Category Archives: family

The Descendants (2011)

Three things to like about The Descendants:

1. George Clooney – In contrast with many other roles which in which George embodies style, smooth-talking and has a bunch of cool friends, George admirably pulls off the ordinary and vulnerable father. Easily likeable and by no means a perfect character (none are), but for mine his best performance and well deserving of his Oscar nomination. The supporting cast was great too.

2. Thematically, there’s heaps going on here – family, identity, parenthood, heritage, suffering, death, marriage. Marriage and family are good things when they work well, but they are hard work, complicated by our imperfections and what life throws at us.
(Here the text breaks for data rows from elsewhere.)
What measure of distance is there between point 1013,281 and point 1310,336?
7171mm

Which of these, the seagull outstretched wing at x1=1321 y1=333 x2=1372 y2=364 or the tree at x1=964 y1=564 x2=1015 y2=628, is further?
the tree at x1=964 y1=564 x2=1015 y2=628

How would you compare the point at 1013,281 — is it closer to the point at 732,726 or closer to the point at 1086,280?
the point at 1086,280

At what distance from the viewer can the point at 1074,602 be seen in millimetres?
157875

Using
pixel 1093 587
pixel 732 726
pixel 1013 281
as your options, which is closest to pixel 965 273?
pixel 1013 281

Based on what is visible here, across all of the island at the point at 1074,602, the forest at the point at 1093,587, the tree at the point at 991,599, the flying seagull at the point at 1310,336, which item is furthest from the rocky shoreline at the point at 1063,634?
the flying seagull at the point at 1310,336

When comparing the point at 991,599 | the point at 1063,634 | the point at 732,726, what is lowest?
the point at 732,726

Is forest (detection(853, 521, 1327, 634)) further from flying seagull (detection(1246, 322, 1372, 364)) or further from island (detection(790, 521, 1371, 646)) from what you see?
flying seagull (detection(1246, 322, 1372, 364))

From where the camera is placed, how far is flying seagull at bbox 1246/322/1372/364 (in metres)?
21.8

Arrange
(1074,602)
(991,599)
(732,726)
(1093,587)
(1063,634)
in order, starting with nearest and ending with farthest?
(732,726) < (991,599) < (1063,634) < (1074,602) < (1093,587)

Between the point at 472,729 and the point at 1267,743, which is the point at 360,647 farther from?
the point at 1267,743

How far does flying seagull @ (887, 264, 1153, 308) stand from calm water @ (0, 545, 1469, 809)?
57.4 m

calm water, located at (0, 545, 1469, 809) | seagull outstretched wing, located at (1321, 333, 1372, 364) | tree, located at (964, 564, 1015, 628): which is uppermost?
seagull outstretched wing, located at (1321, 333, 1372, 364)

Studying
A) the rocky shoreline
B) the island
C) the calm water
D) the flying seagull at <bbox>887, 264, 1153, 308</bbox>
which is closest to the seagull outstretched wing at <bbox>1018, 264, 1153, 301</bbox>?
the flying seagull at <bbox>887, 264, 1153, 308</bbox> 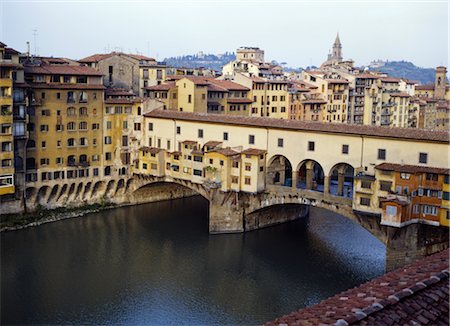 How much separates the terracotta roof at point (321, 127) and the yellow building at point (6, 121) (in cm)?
1021

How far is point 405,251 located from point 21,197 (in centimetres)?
2339

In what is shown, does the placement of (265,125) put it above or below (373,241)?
above

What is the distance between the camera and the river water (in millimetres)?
25766

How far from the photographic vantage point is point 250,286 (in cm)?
2912

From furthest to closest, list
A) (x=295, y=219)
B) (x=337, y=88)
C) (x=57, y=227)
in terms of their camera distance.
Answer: (x=337, y=88) → (x=295, y=219) → (x=57, y=227)

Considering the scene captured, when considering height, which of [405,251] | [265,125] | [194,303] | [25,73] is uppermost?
[25,73]

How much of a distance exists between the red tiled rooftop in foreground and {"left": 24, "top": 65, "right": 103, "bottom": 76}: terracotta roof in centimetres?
3126

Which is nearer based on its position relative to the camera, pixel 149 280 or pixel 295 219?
pixel 149 280

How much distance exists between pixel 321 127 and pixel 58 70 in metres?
18.0

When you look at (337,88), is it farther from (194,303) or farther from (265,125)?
(194,303)

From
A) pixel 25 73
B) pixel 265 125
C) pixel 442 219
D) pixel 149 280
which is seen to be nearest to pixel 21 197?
pixel 25 73

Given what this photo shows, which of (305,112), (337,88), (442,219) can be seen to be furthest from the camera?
(337,88)

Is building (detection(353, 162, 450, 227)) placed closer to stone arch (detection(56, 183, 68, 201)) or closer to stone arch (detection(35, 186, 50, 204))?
stone arch (detection(56, 183, 68, 201))

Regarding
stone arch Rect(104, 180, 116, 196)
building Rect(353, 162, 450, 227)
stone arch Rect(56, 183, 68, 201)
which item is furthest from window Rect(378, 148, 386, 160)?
stone arch Rect(56, 183, 68, 201)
The film is honest: life is tough and complex and frustrating, largely due to people, no matter where you live.

3. The writing – the Oscar-winning adapted screenplay is funny, tragic and poetic, and no doubt owes much to the source material.  Here are a couple of my favourite quotes:

  • My friends on the mainland think just because I live in Hawaii, I live in paradise, like a permanent vacation. We’re all just out here, sipping Mai Tais, shaking our hips, catching waves. Are they insane? Do they think we are immune to life? How can they possibly think our families are less screwed up, our cancers less fatal, our heartache less painful?
  • A family feels exactly like an archipelago, separate but part of a whole, and always drifting slowly apart.

Quick thoughts on Another Year (2010)

Another Year is four seasons in the life of a happy couple while everyone else around them is unhappy. It’s a movie about ordinary life, and as such features simple scenes and sets in suburbia, and naturalistic dialog including a brilliant continuous shot of a conversation around a table, in which the actors really shine.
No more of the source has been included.